What the task asks: Starting at the line that contains "Twee houten bedden", restate each line word for word through the final line of the data, keeping both ends.

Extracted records
····················

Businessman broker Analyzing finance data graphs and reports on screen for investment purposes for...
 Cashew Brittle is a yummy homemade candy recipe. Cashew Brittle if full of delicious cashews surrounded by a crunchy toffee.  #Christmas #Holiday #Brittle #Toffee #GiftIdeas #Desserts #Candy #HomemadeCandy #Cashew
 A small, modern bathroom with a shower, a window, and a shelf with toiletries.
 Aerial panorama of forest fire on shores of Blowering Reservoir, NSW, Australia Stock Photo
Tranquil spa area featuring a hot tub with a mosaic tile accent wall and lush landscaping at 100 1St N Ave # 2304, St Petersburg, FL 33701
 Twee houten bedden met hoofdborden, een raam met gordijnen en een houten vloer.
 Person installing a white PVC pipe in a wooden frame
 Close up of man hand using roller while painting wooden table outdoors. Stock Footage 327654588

····················

Your solution:
 Twee houten bedden met hoofdborden, een raam met gordijnen en een houten vloer.
 Person installing a white PVC pipe in a wooden frame
 Close up of man hand using roller while painting wooden table outdoors. Stock Footage 327654588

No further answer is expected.